### Provided material

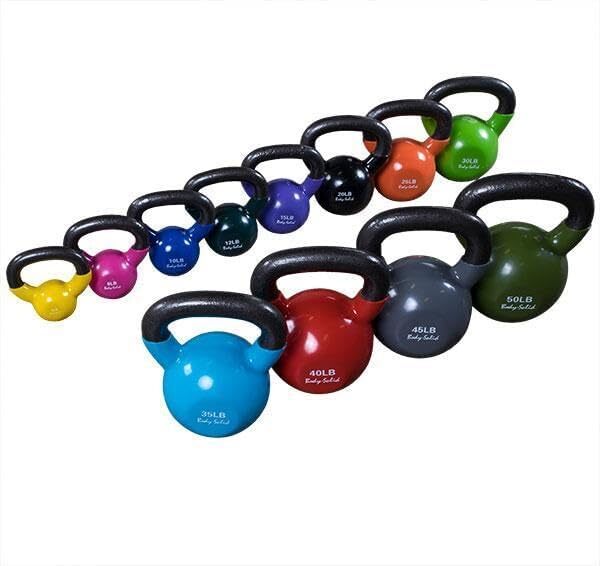 Body-Solid Vinyl Coated Kettlebells with Kettle Grip Handles, Perfect Kettlebell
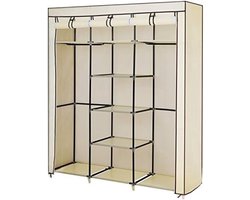 Grote XXL Vouwkledingkast met 2 Haakstangen, Opbergkast voor Kleding, Linnen en Meer - Beige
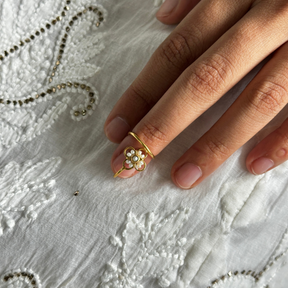Vani 18K Gold Plated Silver 925 Pearl Nail Rings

### What you need to do
Return the complete material exactly as it appears, without images.

### Output
 Body-Solid Vinyl Coated Kettlebells with Kettle Grip Handles, Perfect Kettlebell
 Grote XXL Vouwkledingkast met 2 Haakstangen, Opbergkast voor Kleding, Linnen en Meer - Beige
Vani 18K Gold Plated Silver 925 Pearl Nail Rings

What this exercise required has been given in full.